# Neural Arithmetic Logic Units

(Trask et al., 2018) on arXiv

It’s time to restart in preparation for the new semester!

Neural networks have trouble with things as simple to us as learning the identity function $f(x) = x$. Within the numerical range they’re trained on, they do fine, but they can’t extrapolate.

The paper proposes two new models that generalize better. The first, for better addition and subtraction, is the neural accumulator (NAC). It’s like a normal linear layer, but there’s no bias, and its weight matrix $\mathbf{W}$ is only 0’s, 1’s, and −1’s. Well, sort of. Hard constraints are not differentiable. Instead, they express $\mathbf{W} = \tanh(\mathbf{\hat{W}}) \odot \sigma(\mathbf{\hat{M}})$. The tanh values range from -1 to 1, the sigmoid ranges from 0 to 1, and the values of both are strongly encouraged toward the extremes, so each element-wise product is pushed to the values we want.

The second is a neural arithmetic logic unit (NALU), christened after the structures you remember from your computer architecture classes. It combines two of these NACs, one of which operates in log-space, so it can perform multiplication and division. ($\exp(\log(a) + \log(b)) \equiv a \times b$.) A gate controls whether the NALU takes the add/subtract route or the multiply/divide route.

Their results show that normal neural architectures do poorly at generalizing, even if they can handle the simple addition and subtraction. The NAC does just as well, but the NALU is the only variant that learns to extrapolate beyond the range of training values. When the values are fed in sequentially (rather than as one vector), the LSTM and ReLU-activated RNN both learn interpolation, but fail at extrapolation. NALU learns most extrapolation, but it fails miserably on division. (They justify this by the fact that small denominators can tease out the error in generalization ability.)

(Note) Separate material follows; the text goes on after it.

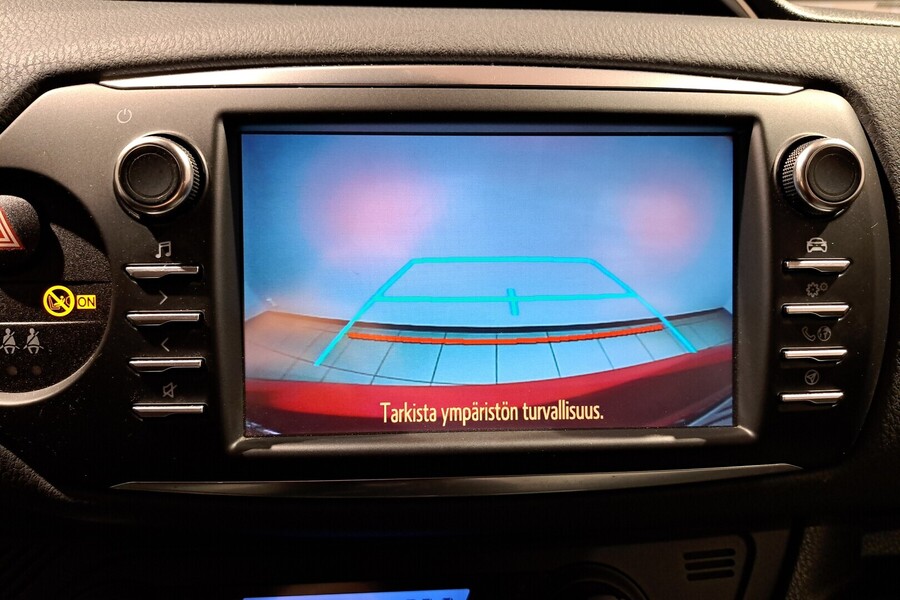 Toyota Yaris vaihtoauto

They also test performance on two other tasks: MNIST digit counting and digit adding. Both involve recognizing images of digits, then using them. (Digit counting involves a swarm of numbers in each picture.) The NAC (designed for addition and subtraction) wins at this. It’s easily incorporated into existing image recognition architectures by replacing the final layer.

Another task is interpreting text representations of numbers, turning them into text. Here, the NALU shines.

The takeaway:

• We have a single ‘neuron’ that can better handle math.
• It’s easily integrable into existing image classification networks or text interpretation.